Ne consegue che non può essere messa in discussione la sussistenza del reato avendo l’intervento sopraindicato comportato una modifica stabile, strutturale e funzionale del tessuto urbanistico- territoriale idonea a modificare, in modo innovativo, rilevante e definitivo l’assetto ambientale.

Manca di specificità il motivo sulla ritenuta sussistenza del reato di cui all’art. 734 c.p. con cui si sostiene che non sarebbe stata raggiunta la prova del deturpamento delle bellezze naturali, avendo invece spiegato esaurientemente il contrario la sentenza di primo grado, a pag. 4.

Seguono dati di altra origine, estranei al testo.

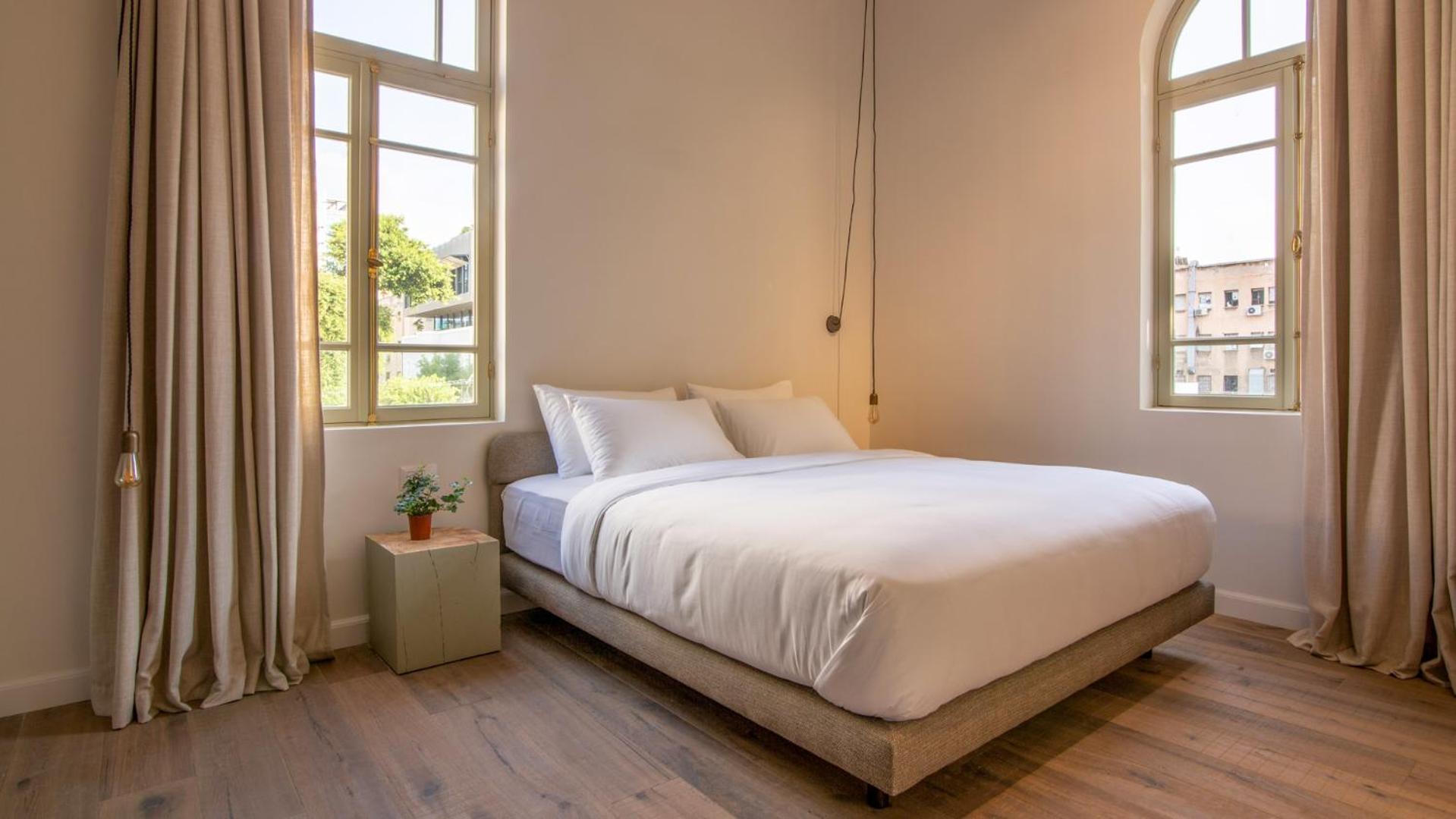 Deluxe King Room photo 2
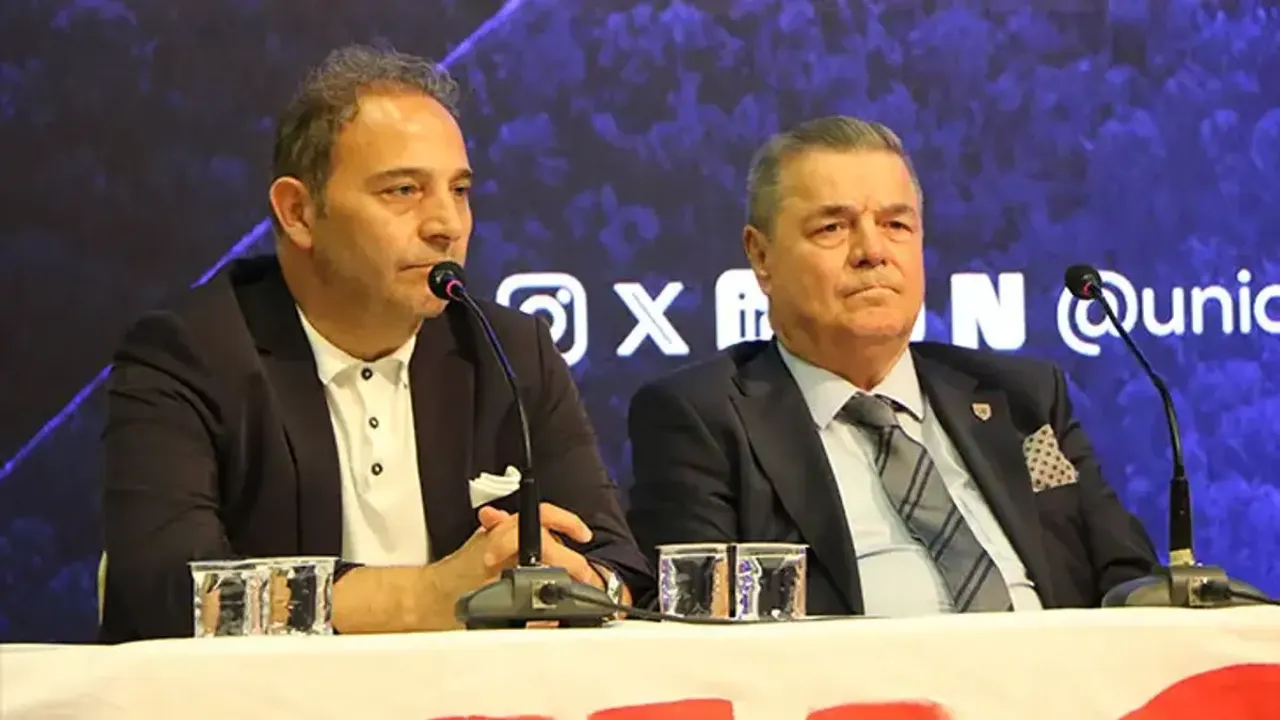 Samsunspor'dan Süper Lig'e Dev Hamle: 2.03'lük Kule Golcü Pape Moussa Fall Gündemde!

Manifestamente infondata è la censura sul tempus commissi delicti (che poggia sull’asserita rilevanza delle deposizioni dei testi a discarico circa la concreta situazione dei luoghi prima dell’intervento edilizio e il momento della sua realizzazione) alla stregua della constatazione dei verbalizzanti secondo cui, al momento del sopralluogo del 28.12.2005, i lavori erano ancora in corso, sicchè le opere non erano ultimate.

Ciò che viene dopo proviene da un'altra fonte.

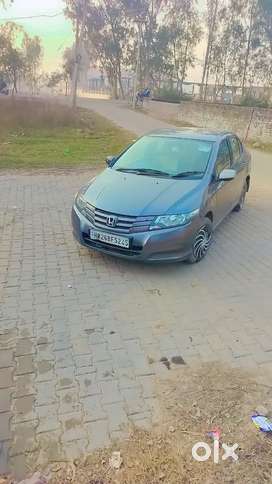Honda City 2010 Petrol Well Maintained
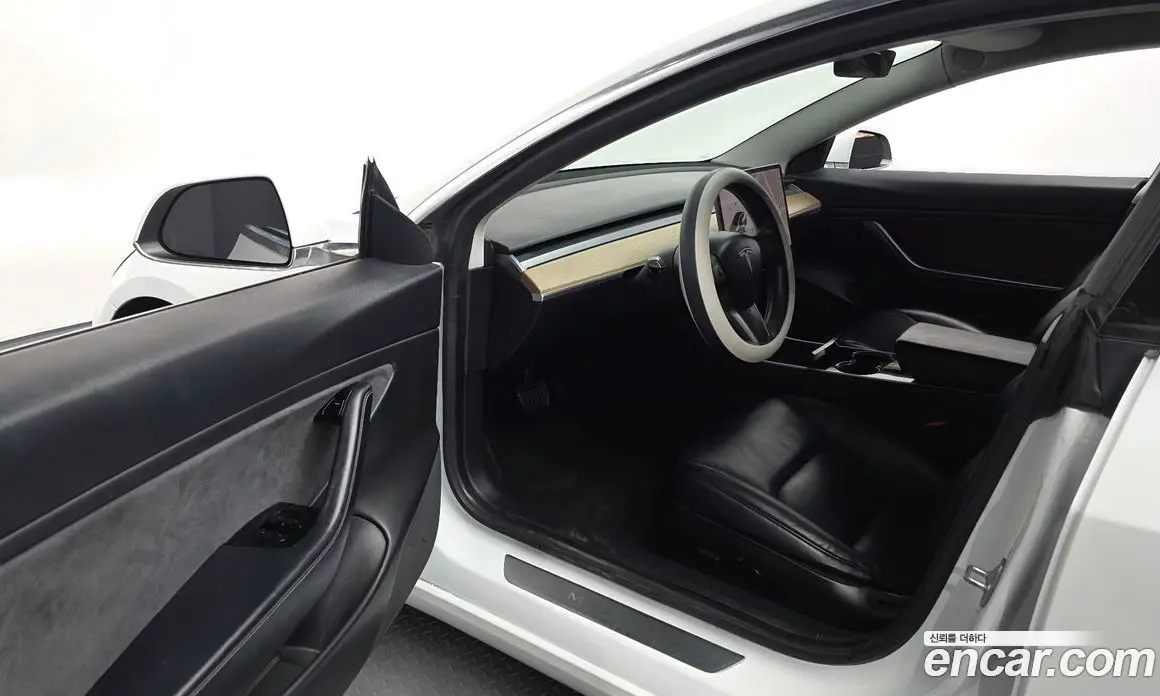 Tesla Model 3 2020 0.2 автомат (гидро), фото 10 Tesla Model 3 2020 0.2 автомат (гидро), фото 10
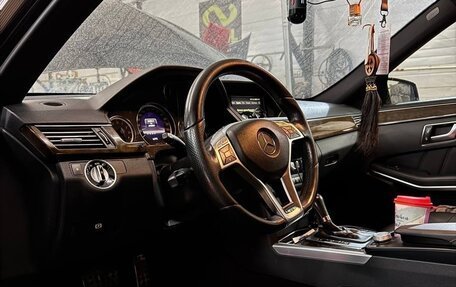 Mercedes-Benz E-Класс, 2011 год, 1 600 000 рублей, 9 фотография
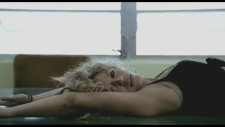 Shakira Feat. Alejandro Sanz - La Tortura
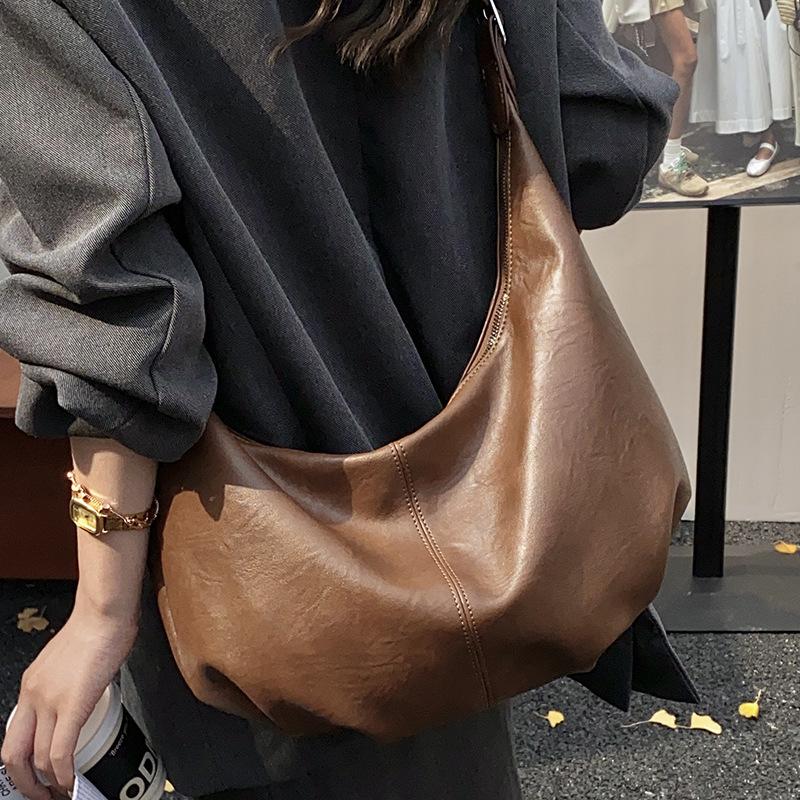 Retro Large-capacity Dumpling Bag Commuter Armpit Bag Women's Autumn New Fashionable Shoulder Bag Casual Messenger Bag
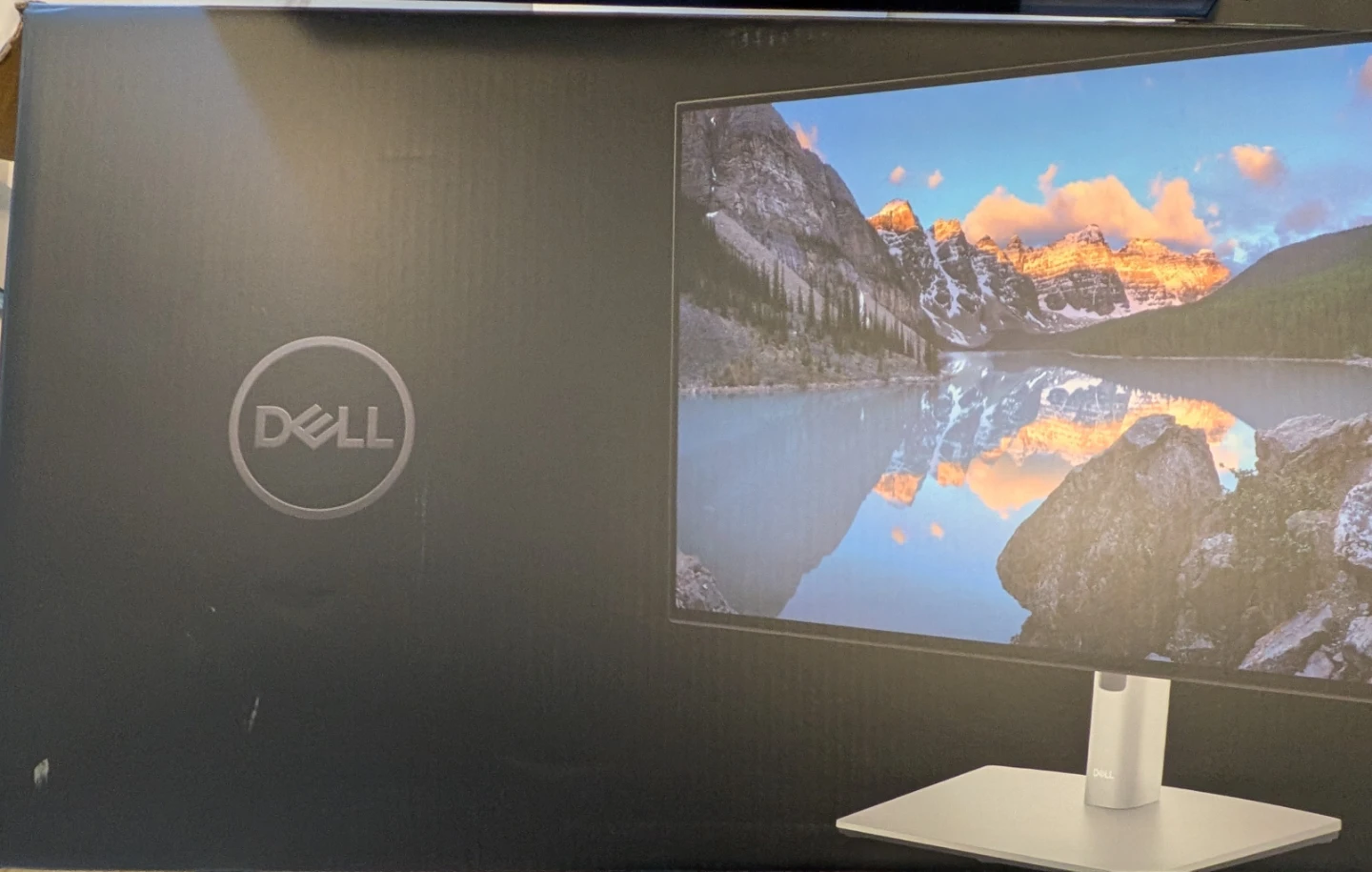27 inch 4K Dell Monitor - US2723QE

Il reato, quindi, neanche alla data odierna è prescritto dovendo il termine di anni cinque essere aumentato di mesi 8 giorni 7 per la sospensione dei termini dovuta a rinvii del dibattimento richiesti dalla difesa.

Anche l’ultimo motivo non ha alcun fondamento giuridico alla luce dell’orientamento di questa Corte secondo cui "in tema di aree protette, l’operatività della previsione della L. 6 dicembre 1991, n. 394, art. 13, comma 1, che stabilisce che il rilascio di concessioni o autorizzazioni relative a Interventi, impianti ed opere all’interno del parco è sottoposto al preventivo nulla osta dell’Ente Parco, non è subordinata alla previa approvazione del piano e del regolamento del parco, atteso che in mancanza la valutazione spettante all’Ente Parco deve fare riferimento agli atti istitutivi del parco, alle deliberazioni e altri provvedimenti emanati dagli organi di gestione dell’ente, alle misure di salvaguardia, ai piani paesistici territoriali o urbanistici, i quali hanno valenza fino al momento dell’approvazione del piano del parco" (Sezione 3, n. 14183/2006 RV. 236331). Grava sul ricorrente, per il rigetto del ricorso, l’onere delle spese del procedimento.

P.Q.M.

La Corte rigetta il ricorso e condanna il ricorrente al pagamento delle spese del procedimento.

Testo non ufficiale. La sola stampa del bollettino ufficiale ha carattere legale.